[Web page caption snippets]
= Beginning of Section =
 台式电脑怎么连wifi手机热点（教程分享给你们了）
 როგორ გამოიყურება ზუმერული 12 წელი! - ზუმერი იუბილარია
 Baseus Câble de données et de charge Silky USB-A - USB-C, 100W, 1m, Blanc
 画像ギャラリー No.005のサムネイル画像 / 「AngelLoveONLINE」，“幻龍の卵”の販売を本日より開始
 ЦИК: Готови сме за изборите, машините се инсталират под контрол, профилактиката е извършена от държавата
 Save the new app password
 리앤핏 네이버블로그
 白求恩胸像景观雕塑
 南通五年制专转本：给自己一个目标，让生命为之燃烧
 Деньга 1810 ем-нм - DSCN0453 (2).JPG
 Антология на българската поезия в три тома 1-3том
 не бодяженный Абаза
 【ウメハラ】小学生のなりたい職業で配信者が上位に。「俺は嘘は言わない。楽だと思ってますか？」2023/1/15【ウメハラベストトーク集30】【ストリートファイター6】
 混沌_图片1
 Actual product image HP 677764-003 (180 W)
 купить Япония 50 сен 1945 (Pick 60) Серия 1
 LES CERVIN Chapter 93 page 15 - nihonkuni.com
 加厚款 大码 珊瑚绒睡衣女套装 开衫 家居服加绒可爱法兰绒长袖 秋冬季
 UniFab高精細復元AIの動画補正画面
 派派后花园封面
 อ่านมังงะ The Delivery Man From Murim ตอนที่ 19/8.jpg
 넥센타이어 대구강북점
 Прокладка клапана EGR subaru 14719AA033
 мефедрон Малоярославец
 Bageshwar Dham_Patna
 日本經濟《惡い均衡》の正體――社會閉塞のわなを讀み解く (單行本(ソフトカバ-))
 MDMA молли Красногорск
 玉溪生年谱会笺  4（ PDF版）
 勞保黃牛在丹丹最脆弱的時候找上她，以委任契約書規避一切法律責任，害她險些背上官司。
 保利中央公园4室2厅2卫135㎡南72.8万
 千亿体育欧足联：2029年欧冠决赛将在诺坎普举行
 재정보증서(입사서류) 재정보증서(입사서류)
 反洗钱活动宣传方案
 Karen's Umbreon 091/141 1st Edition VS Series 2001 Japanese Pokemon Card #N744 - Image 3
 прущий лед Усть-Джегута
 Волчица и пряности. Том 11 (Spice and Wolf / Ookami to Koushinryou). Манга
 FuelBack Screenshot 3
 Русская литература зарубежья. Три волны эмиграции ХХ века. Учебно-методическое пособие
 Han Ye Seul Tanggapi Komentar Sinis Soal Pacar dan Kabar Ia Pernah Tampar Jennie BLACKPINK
= End of Section =
PROBLEM REQUIREMENTS:
Using the entries above, restate word for word every line from the one that contains "南通五年制专转本：给自己一个目标，让生命为之燃烧" through the last.

FINAL ANSWER:
 南通五年制专转本：给自己一个目标，让生命为之燃烧
 Деньга 1810 ем-нм - DSCN0453 (2).JPG
 Антология на българската поезия в три тома 1-3том
 не бодяженный Абаза
 【ウメハラ】小学生のなりたい職業で配信者が上位に。「俺は嘘は言わない。楽だと思ってますか？」2023/1/15【ウメハラベストトーク集30】【ストリートファイター6】
 混沌_图片1
 Actual product image HP 677764-003 (180 W)
 купить Япония 50 сен 1945 (Pick 60) Серия 1
 LES CERVIN Chapter 93 page 15 - nihonkuni.com
 加厚款 大码 珊瑚绒睡衣女套装 开衫 家居服加绒可爱法兰绒长袖 秋冬季
 UniFab高精細復元AIの動画補正画面
 派派后花园封面
 อ่านมังงะ The Delivery Man From Murim ตอนที่ 19/8.jpg
 넥센타이어 대구강북점
 Прокладка клапана EGR subaru 14719AA033
 мефедрон Малоярославец
 Bageshwar Dham_Patna
 日本經濟《惡い均衡》の正體――社會閉塞のわなを讀み解く (單行本(ソフトカバ-))
 MDMA молли Красногорск
 玉溪生年谱会笺  4（ PDF版）
 勞保黃牛在丹丹最脆弱的時候找上她，以委任契約書規避一切法律責任，害她險些背上官司。
 保利中央公园4室2厅2卫135㎡南72.8万
 千亿体育欧足联：2029年欧冠决赛将在诺坎普举行
 재정보증서(입사서류) 재정보증서(입사서류)
 反洗钱活动宣传方案
 Karen's Umbreon 091/141 1st Edition VS Series 2001 Japanese Pokemon Card #N744 - Image 3
 прущий лед Усть-Джегута
 Волчица и пряности. Том 11 (Spice and Wolf / Ookami to Koushinryou). Манга
 FuelBack Screenshot 3
 Русская литература зарубежья. Три волны эмиграции ХХ века. Учебно-методическое пособие
 Han Ye Seul Tanggapi Komentar Sinis Soal Pacar dan Kabar Ia Pernah Tampar Jennie BLACKPINK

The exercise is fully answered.